This is a truly remarkable story. It has found its way into print in Guideposts magazine, in a lovely little book called “When God Winks” by SQuire Rushnell, and now on this gentleman’s blog. It’s also a very personal story to me.
The Day Weary Willie Smiled
By Phil Bolsta
I loved Emmett Kelly as a kid. He was Weary Willie, the quintessential tramp clown, an integral part of my childhood. This touching and amazing story by his daughter, Stasia Kelly, of Atlanta, Georgia, appeared in the October 2006 issue of Guideposts. What are the odds of this story ending as it did? Probably one in a trillion. And yet . . .
I sat on the plane, my purse in my lap, waiting to take off from Hartsfield International Airport in Atlanta for Florida to attend my father’s funeral. I had just spoken to Dad the day before. He’d sounded a little down, but I never guessed it would be the last time I heard his voice. “I’m tired, Stasia,” he said. I could hear that tiredness through the phone, could feel it the way so many people had felt the world-weariness in the most beloved character my father ever portrayed.
I shifted in my seat—first-class because it was the only available spot on this leg of my trip home. The airline-reservations operator had promised to get me there in time for Dad’s funeral, so she honored my bereavement ticket and gave me an upgrade. I pulled the faded newspaper photo from my purse and glanced at it. The famous picture of my dad, Emmett Kelly. Or should I say of Weary Willie, the sad clown that he had immortalized. Dad was disciplined about Willie’s public persona. Once Dad put his makeup on, Weary Willie never broke character and never smiled, except once, back in 1955. That one time he smiled—beamed, really—a young photographer snapped his photo, and around the globe it went. The only time Willie smiled in public, the world smiled with him.
The plane was almost full and the seat next to me was still vacant. Good, I’d have the row to myself and my tears. I didn’t feel like explaining to some high-powered business type why I was so sad. I folded the picture and slipped it back inside my purse just as a well-dressed, middle-aged man strode down the aisle and took his seat next to me.

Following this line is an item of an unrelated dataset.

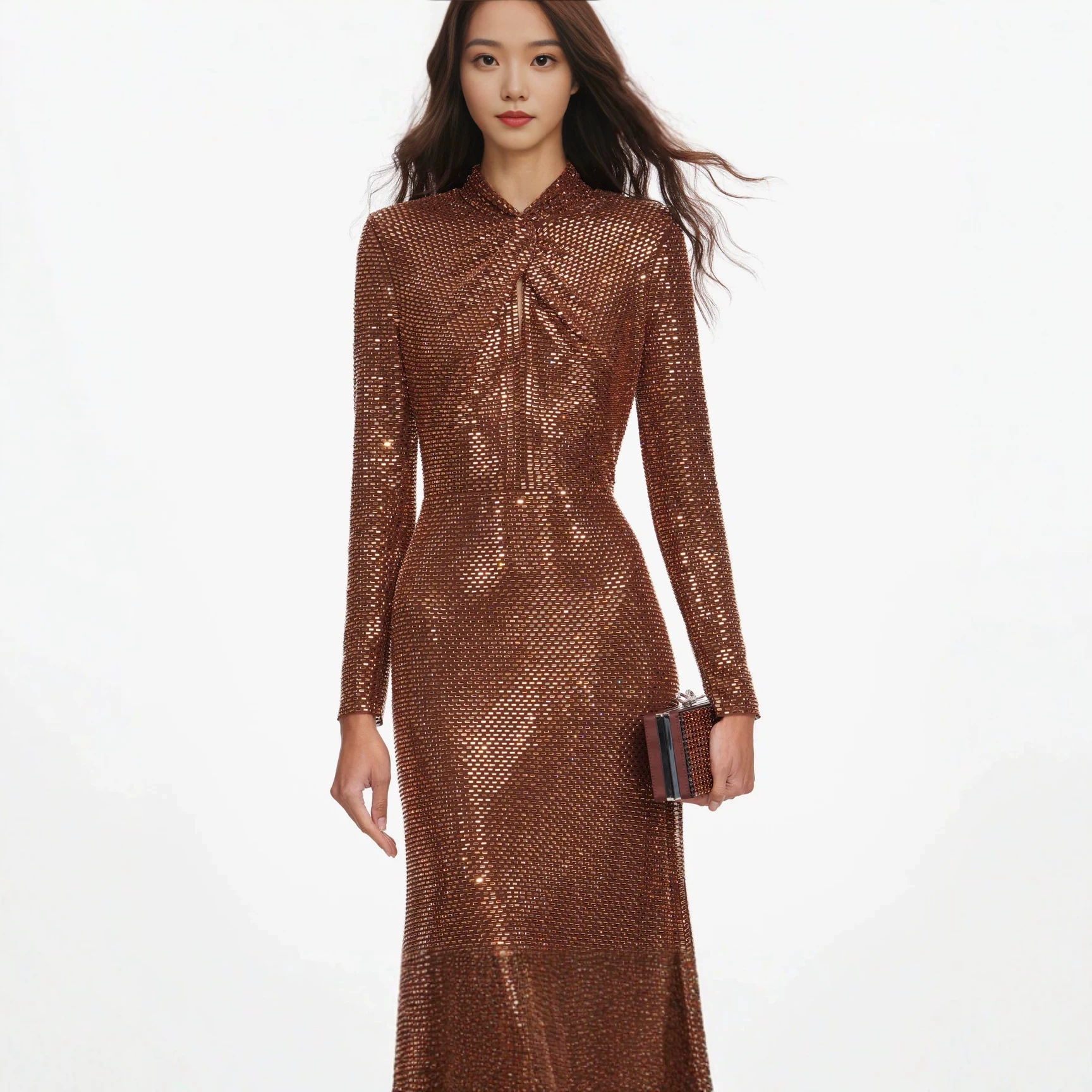 26 New Sexy Style Half-Turtleneck Long-Sleeve Women's Dress with Rhinestones, Slim-Fit, Figure-Flattering, and Body-Hugging, Perfect for Banquets and Formal Occasions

“Almost missed this flight,” he said with a sigh, as we taxied from the gate.
Odd as it might sound, in the clowning business Dad was a revolutionary. Clowns were happy figures …zany, wacky, unpredictable and relentlessly upbeat. But that’s not the kind of clown Dad was. He’d created Willie on his drawing board—a rumpled, sad-sack figure, beaten down by the world, Everyman on a lifelong losing streak. In those days, circus bosses were skeptical. Did people want a depressed clown? But they let him try it.
By the 1940s, the sad clown had become a hit and Dad had made it to the big time—Ringling Bros. circus. People cared about Willie and his struggles. They saw that no matter how hard he took it on the chin, Willie never gave up. He became the world’s most famous clown, probably the most recognizable clown ever. Maybe the reason Willie was so easy for people to love was that Dad brought a bit of himself to the character. Not that Dad was a sad sack, but he understood struggle. His early life on the road was tough and often lonely. Then in middle age he fell head over heels in love with a beautiful trapeze artist who eventually became his wife and my mom. They bought a little place in sunny Sarasota, Florida, for when the circus wasn’t traveling. It had a big backyard, a porch and a vegetable garden. For the first time, Weary Willie was a happy man—and happiest of all, I’m told, that day I was born. He and Mom named me Stasia.
Now, staring out the plane window, I tried to be grateful for that happiness Dad had found, and for the life he had led making others happy. How much more blessed could a daughter be than to have Emmett Kelly as her father? Even the airline-reservations operator who managed to get me this last-minute seat said some thing. “I remember Willie! Your dad made so many people smile.” Yet yearning and grief crushed out all my other feelings. I rested my head against the seat. Dear Lord, comfort me. Show me a sign Dad is content with you the way he was with Mom and our home and the backyard where he watched us kids play.
They say the food in first class is better. I wouldn’t know. I didn’t feel much like eating. I kept my tray up and stared into my lap. I just wanted to get home to Florida. I felt the plane slow and then one wing dipped as we started to descend. I couldn’t resist pulling that old newspaper clipping out of my purse and looking again at Dad beaming that incredible smile as he held a phone and heard the news that I’d been born. Immediately, I had to wipe away a tear.
I barely heard the man next to me say, “Excuse me.” He tapped my arm gently.
“I’m sorry,” I said. “Yes?”
“”That photo…”
“My dad, Emmett Kelly. He died today. But this is from the day I was born….”
“I know, Stasia. I know. I was there. I’ve never seen a man so happy. I just had to snap that picture.”
My father, Frank Beatty, was the photographer who took that now-famous picture – the only one ever taken of Weary Willie smiling. And what an amazing moment for him to meet Kelly’s daughter that day on the plane. My dad went on to become very good friends with Stasia Kelly, he was even the photographer at her wedding. God does indeed often work in mysterious ways.